I'm glad you liked this tutorial. To be honest with you, for some time
I've wanted to produce a book on ECF Remote Services...with a
'tutorial-style' for chapters/sections...including this tutorial and
many of the others on the ECF wiki...in addition to new/additional
content. I would like it to be based upon community
contributions...i.e. with chapters/sections done by consumers and other
community members...as well as writing by myself and other committers.
Unfortunately, I don't personally have the means to support my time for
the creation of such a book, so can't do this at the moment.
IMHO there are a lot of deep advantages to using ECF Remote
Services...either on the client-only as this tutorial shows...and/or on
the remote service host. Just a few big ones I've been thinking about:
1) A clear contract/implementation separation (service interface vs.
remote implementation) -- critical for distributed systems...where the
contract/implementation boundary is out of process.
2) A rich language for expressing service contracts (java interfaces),
rather than depending upon API documentation alone (e.g. Geonames
Timezone service and most others)
3) OSGi Service Dynamics - critical for building distributed
applications...which are inherently dynamic
4) Versioning - The ability of remote services to support multiple
versions of a given service interface is very important for maintenance
and migration in any service-oriented architecture, and not generally
well-understood
5) Scaling - As per Neil's presentation [1]
6) Need for protocol-independent approaches to building distributed
API...e.g. RS-distribution, RS-discovery, RSA...to allow for new
protocols (e.g. MQTT, COAP, etcd) and serialization formats (e.g. JSON,
xml, protocol buffers, etc)...since I don't believe there will ever be
'one-protocol/transport-to-rule-them-all'
7) Need for application-defined service-level security
8) The utility of having dynamics-supporting service-level dependency
management (e.g. DS) and use of injection frameworks (DS, Spring)

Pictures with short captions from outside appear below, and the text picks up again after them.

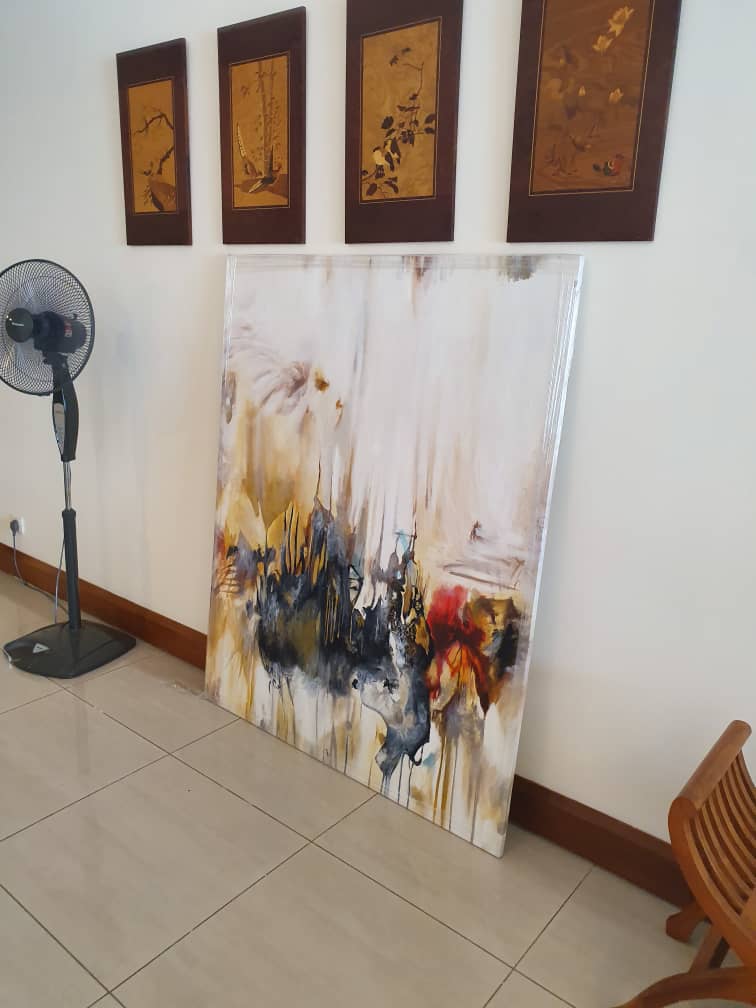 Affordable Custom Made Minimalist Gold Abstract Oil Painting On Canvas In Malaysia
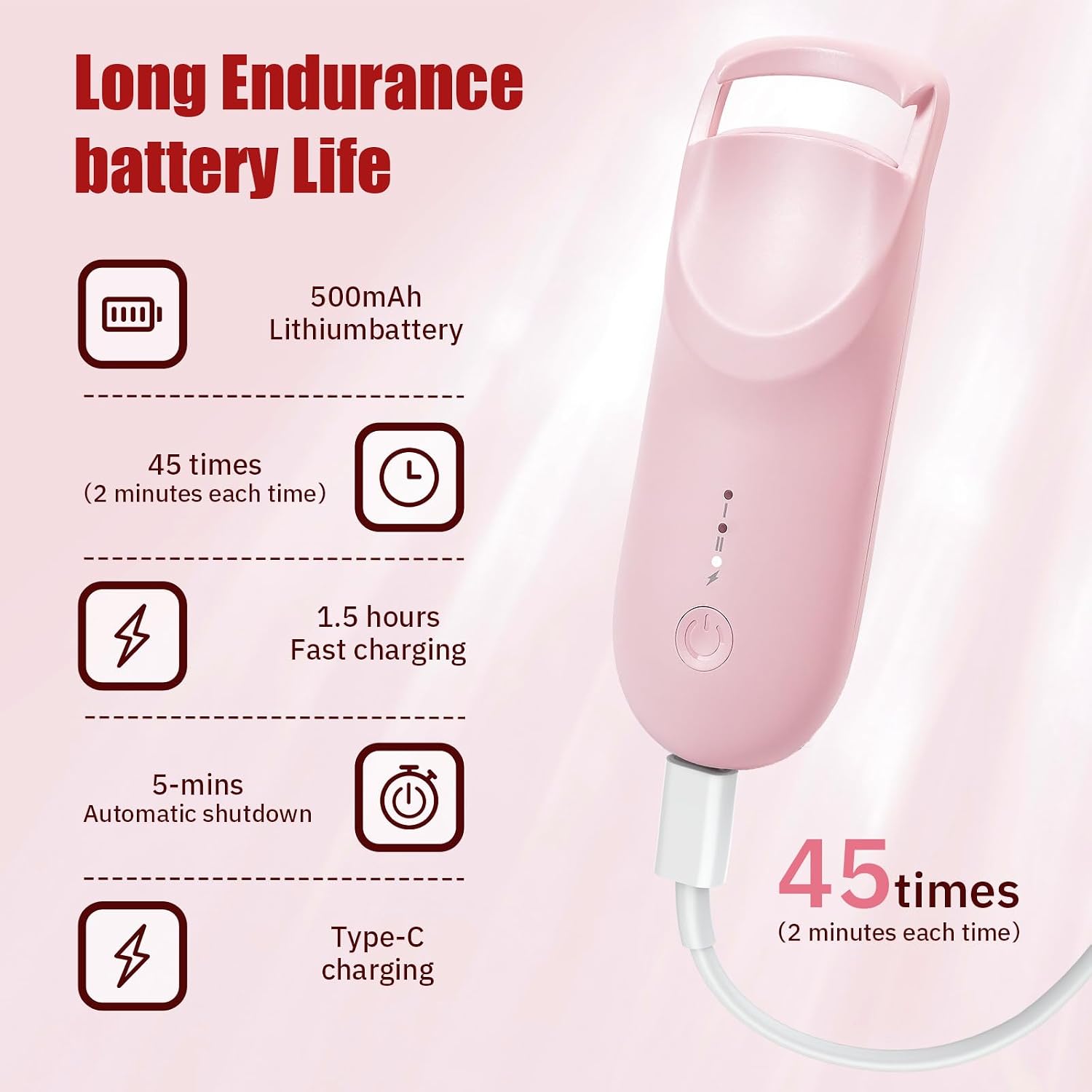 Upgrade Heated Eyelash Curler, Electric Eyelash Curler with 5s Fast Heating, Type-C Rechargeable, Portable Lash Curler, Long-Lasting Lash Lift, Natural Style, Heat-Sensitive Pad (Pink)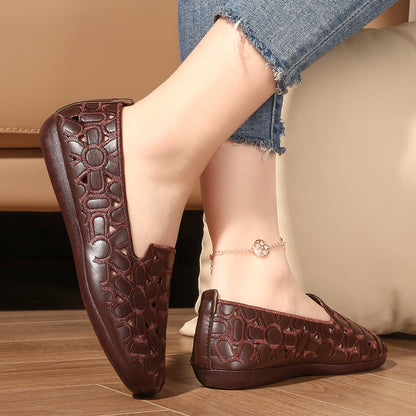 Women's Summer Embossed Flat Loafers – Breathable Square-Toe Slip-On Shoes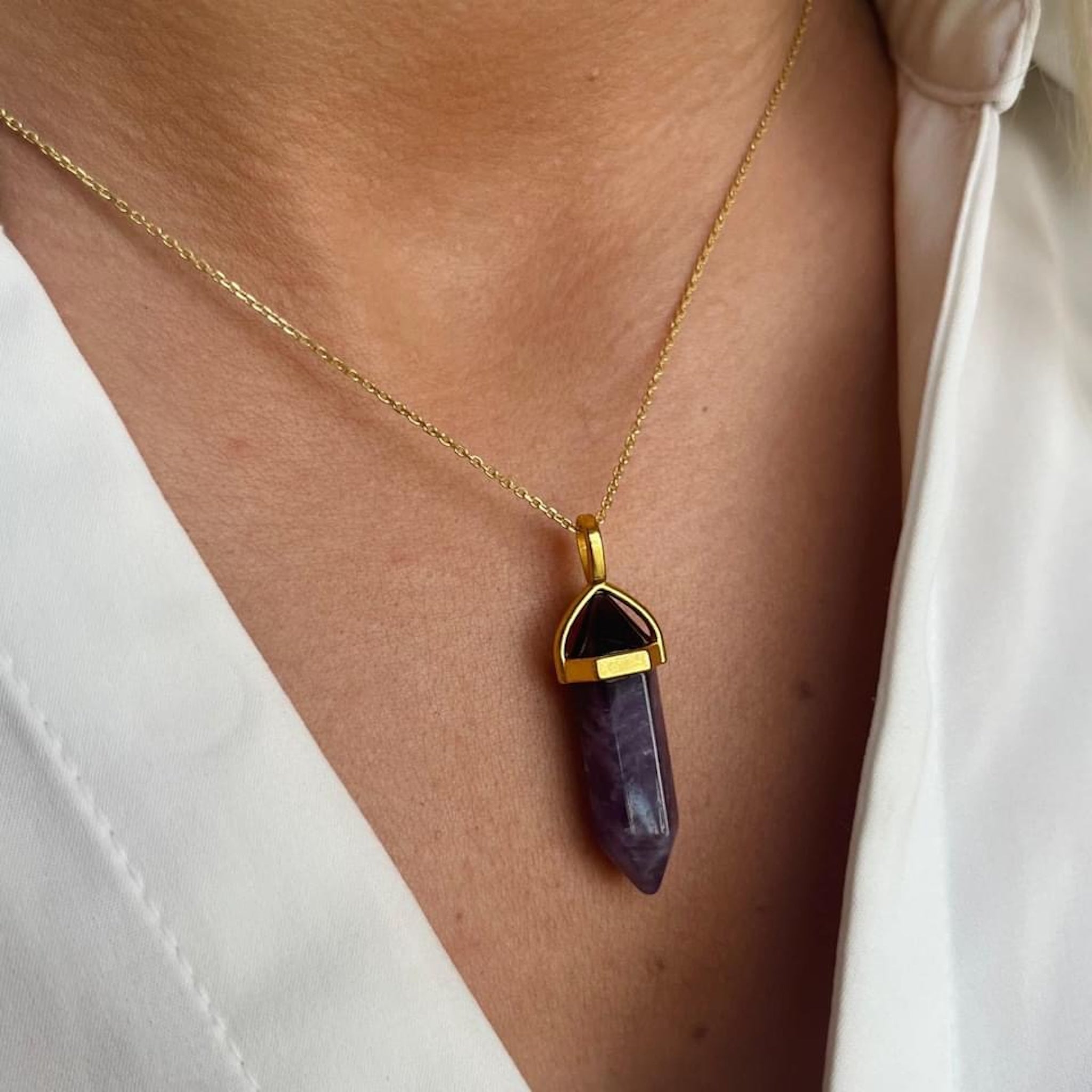 Ametist Hänge Spets Guld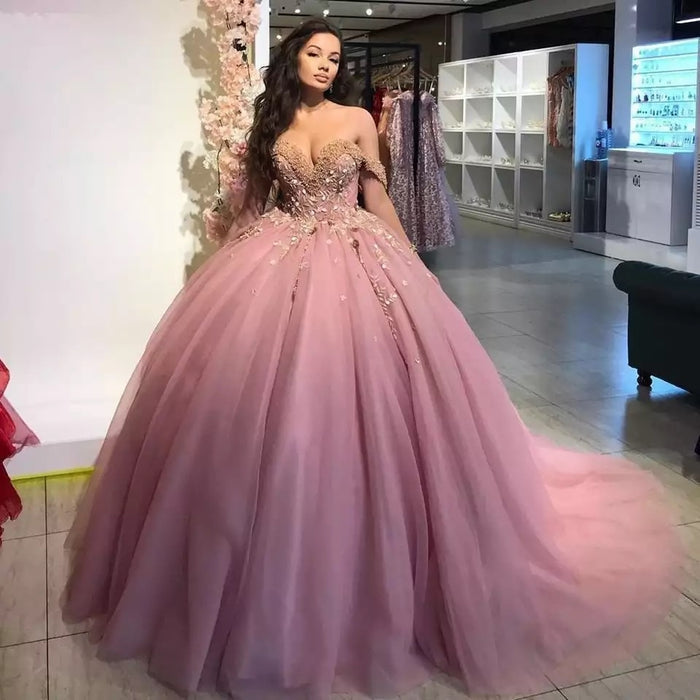 Dusty Pink Princess Ball Gown Quinceanera Dress - Envious Designs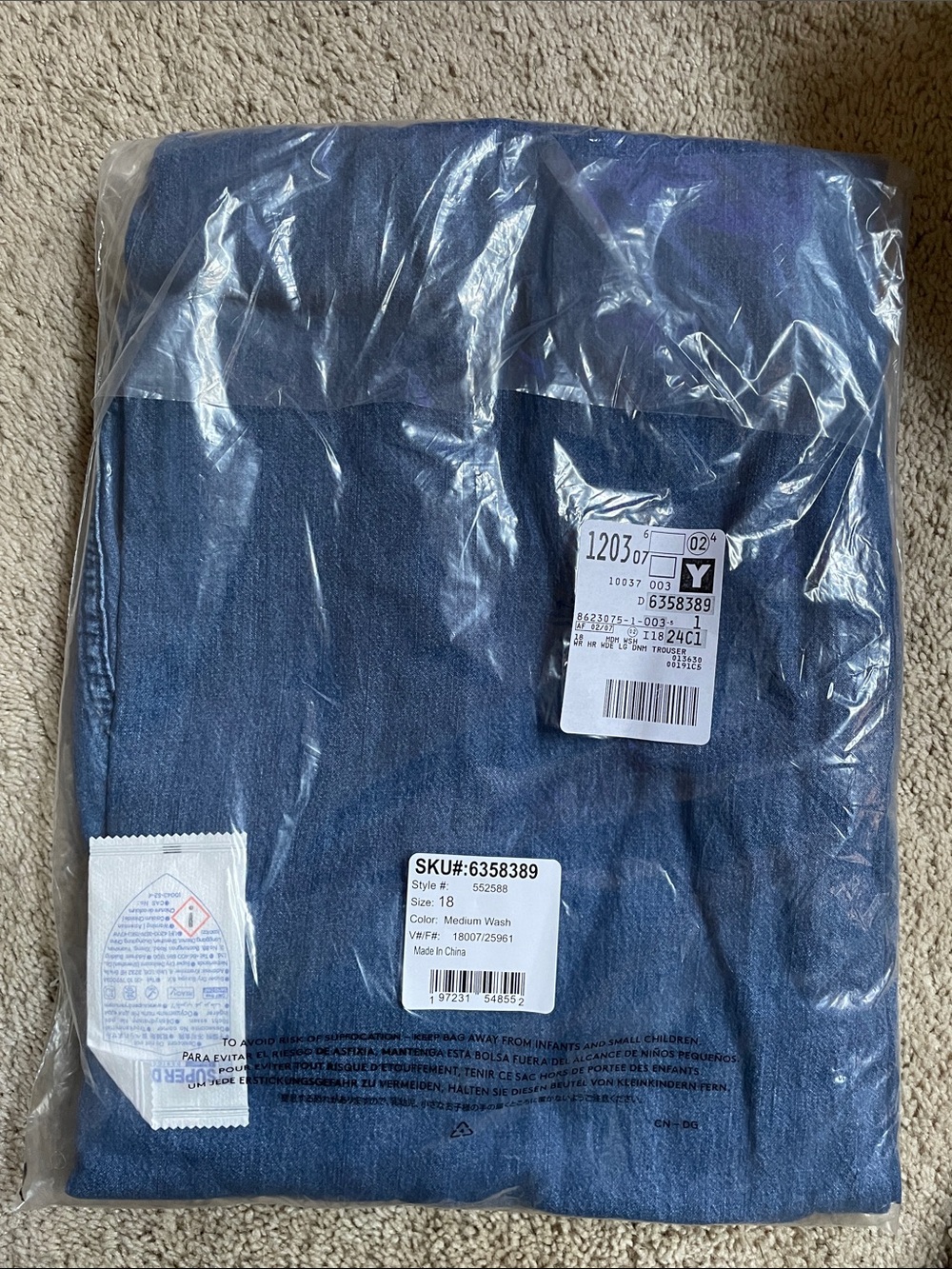 Lands' End Women's Wide Leg Jeans in Dark Blue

9) Easy synchronous or asynchronous access to remote services (e.g.
ECF's asynchronous proxy work with java8 CompletableFuture)
10) Easy integration and co-existence with existing systems (backward
compatibility) and frameworks...e.g. the tutorial under discussion, EMF,
other new/emergent frameworks.
11) Open Source and community-driven development (rather than product
lock-in, corporate control of standards, etc).
Anyway, there are more :), but I won't subject you to them now. And I'm
sure that people have other ideas about what's valuable and/or
problematic about Remote Services...so please feel free to speak up.